--- MATERIAL PROVIDED ---
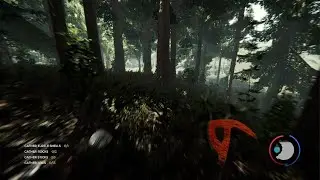 The Forest Multplayer ep1 base building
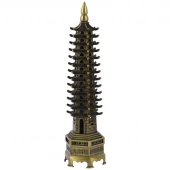 ماکت فلزی برج ونچانگ کد KH-165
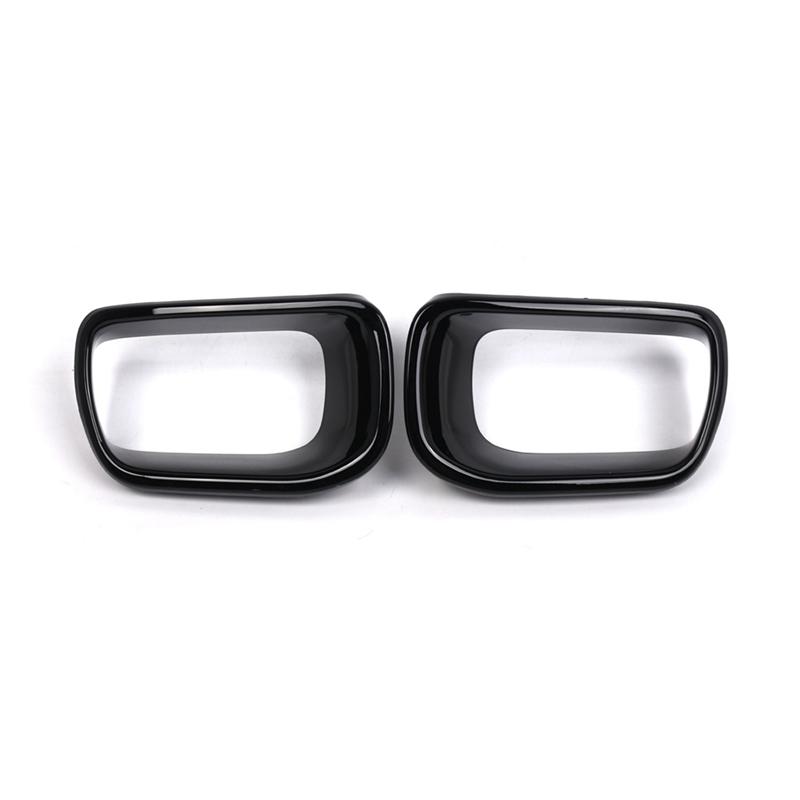 Front Bumper Lower Trim Frame For BMW MINI F55/F56/F57 2013-2016 Bumper Cover Air Duct Frame Parts Accessories 1 PCS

--- TASK GOAL ---
Restate the data above word for word. Do not include the images.

--- SOLUTION TO THE PROBLEM ---
 The Forest Multplayer ep1 base building
 ماکت فلزی برج ونچانگ کد KH-165
 Front Bumper Lower Trim Frame For BMW MINI F55/F56/F57 2013-2016 Bumper Cover Air Duct Frame Parts Accessories 1 PCS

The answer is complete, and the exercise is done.